After 28 consecutive vintages at Margaret River’s high-profile Leeuwin Estate winery, chief winemaker Bob Cartwright has decided against a 29th. He is retiring on September 30.
After 28 consecutive vintages at Margaret River’s high-profile Leeuwin Estate winery, chief winemaker Bob Cartwright has decided against a 29th. He is retiring on September 30.
Ironically Mr Cartwright, who helped establish an international reputation for Australian wine with the benchmark chardonnays he produced at Leeuwin, made his first chardonnay in a 44-gallon drum.

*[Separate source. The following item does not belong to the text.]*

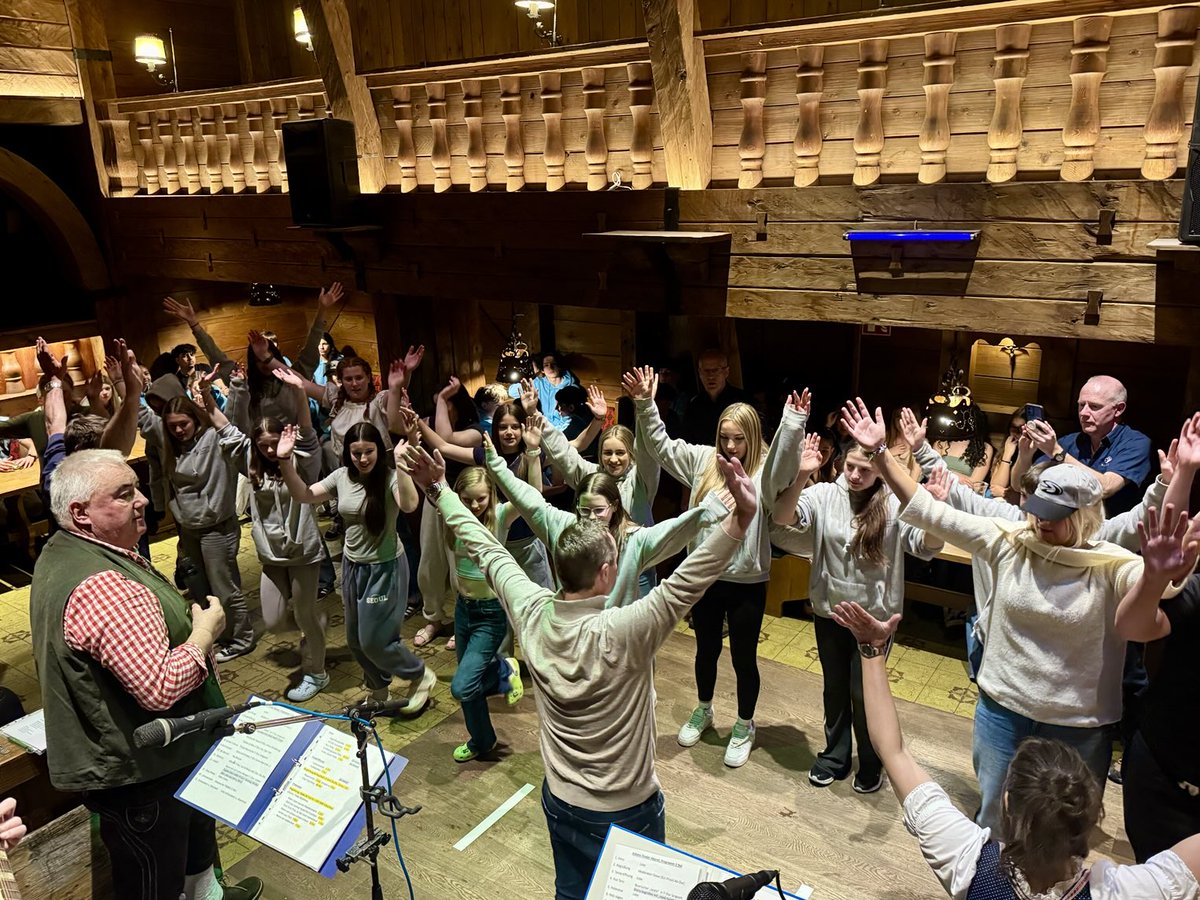 HeadmasterBBHS tweet media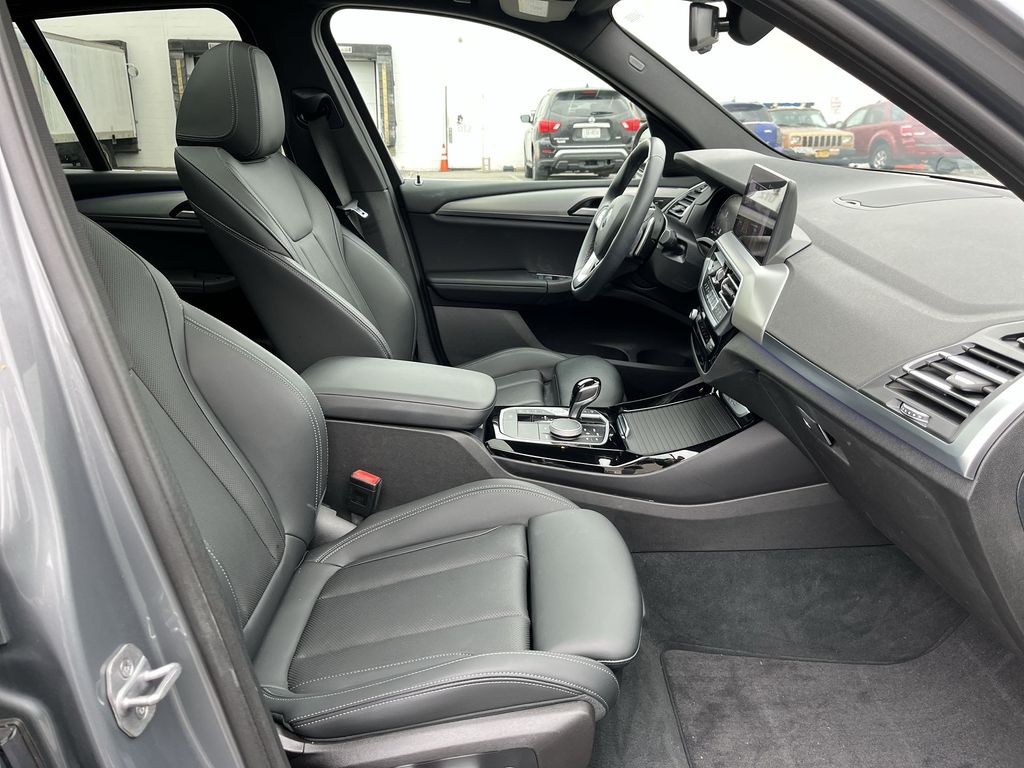 Thumbnail: 2023 BMW X3 - 25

At the time, in 1974, he was working for the long-gone Valencia Vineyard in the Swan Valley and that is how the fruit was brought into the winery from the Moondah Brook vineyard at Gingin, 85 kilometres north of Perth.
Mr Cartwright recalled that it was such a small lot, it was decided to ferment it in the drum.
As he sampled that coarse, full bodied unwooded wine, never could he have imagined he would go on to make such outstanding Leeuwin flagship wines.
Interestingly, the Margaret River icon’s chardonnay cuttings came from the Moondah Brook vineyard.
Mr Cartwright’s first Leeuwin vintage amounted to just 19 tonnes. Today, its annual crush is about 1,200t.
Previously, he had come from Nuriootpa in the Barossa Valley, where his father was a painter and decorator.
Mr Cartwright joined Kaiser Stuhl when he left school and a chance spell in the laboratory led to winemaking studies.
Back at Kaiser after graduation, good friend Wolf Blass suggested he try his skills with Houghton-Valencia in Western Australia.
Today he admits his first vintage at Leeuwin was a nervous affair because of the connection between principal Denis Horgan and California wine giant Robert Mondavi which, given their status, created an enormous focus on the winery.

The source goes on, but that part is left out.